Cloudflare — Use Cache Rules to bypass cache for paths matching /checkout*, /thank-you*, and /wp-json/flxwoo/*. If using Automatic Platform Optimization (APO), verify that checkout and thank-you URLs are in the APO exclusion list. Cloudflare’s “Cache Everything” page rule must not apply to these paths.

Nginx / FastCGI — Add fastcgi_cache_bypass map entries for /wp-json/flxwoo/, /checkout*, and /thank-you* at the server or location block level.

Varnish — Add pass conditions in vcl_recv for /wp-json/flxwoo/*, /checkout*, and /thank-you*.

Aggressive optimization plugins — Verify that no plugin is buffering, combining, or caching REST API responses or HTML responses for FlxWoo routes or page wrappers.

What Is Safe to Cache

Static assets (CSS, JS, images), non-dynamic pages, and REST endpoints that explicitly return Cache-Control: public. FlxWoo’s own endpoints never set public cache headers.

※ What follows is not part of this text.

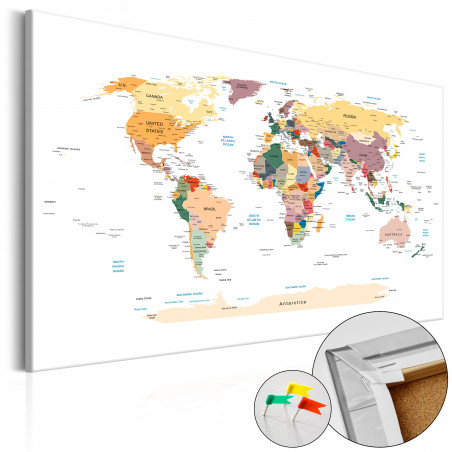 Tablou Din Plută World Map [Cork Map]-01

Full Configuration Reference

Detailed per-system instructions, verification commands, and symptom diagnostics are in docs/cache-configuration.md.

Requirements

• WordPress 6.0 or later
• PHP 8.0 or later
• WooCommerce (active; declared as a required plugin)
• Stripe account with Checkout enabled (for payment features)
• MySQL 5.7+ or MariaDB 10.3+

Operational Notes

• Health endpoint: GET /wp-json/flxwoo/v1/health always returns HTTP 200 when the plugin is active. Suitable for uptime monitoring and deployment verification.
• Logging: Structured logging for checkout and payment events. Useful for incident response and debugging in production environments.
• Database setup: Required tables are created automatically on activation. Schema migrations run silently on upgrade — no manual steps required.
• Data on uninstall: Data is preserved by default when the plugin is deleted. To remove all FlxWoo data, enable Delete all data on uninstall in FlxWoo Settings > Data before deleting the plugin.
• Idempotency: Checkout idempotency is database-backed, making the system safe for concurrent requests and browser retries.
• Stripe return flow: Order identity is carried via URL parameters after Stripe redirect, not session state. This makes the return path resilient to session loss between payment and confirmation.

Security

• All REST endpoints enforce WordPress capability checks before processing requests.
• Input is validated and sanitized at the API boundary and within the service layer.
• All PHP files include an ABSPATH guard to prevent direct execution.
• Database queries use prepared statements throughout.
• PHP CodeSniffer with WordPress Coding Standards and security sniffs is enforced as a release gate.

Limitations

• Requires WooCommerce to be active. FlxWoo will not initialize without it.
• Stripe integration requires an active Stripe account with Checkout enabled.
• Server-side rendering requires a live PHP execution environment. Fully static deployments are not supported.
• All FlxWoo REST endpoints must not be behind a full-page or CDN cache layer.
• Product page rendering via the Render service is currently limited to simple products (including virtual). Variable, external, and other product types fall back to native WordPress/WooCommerce templates.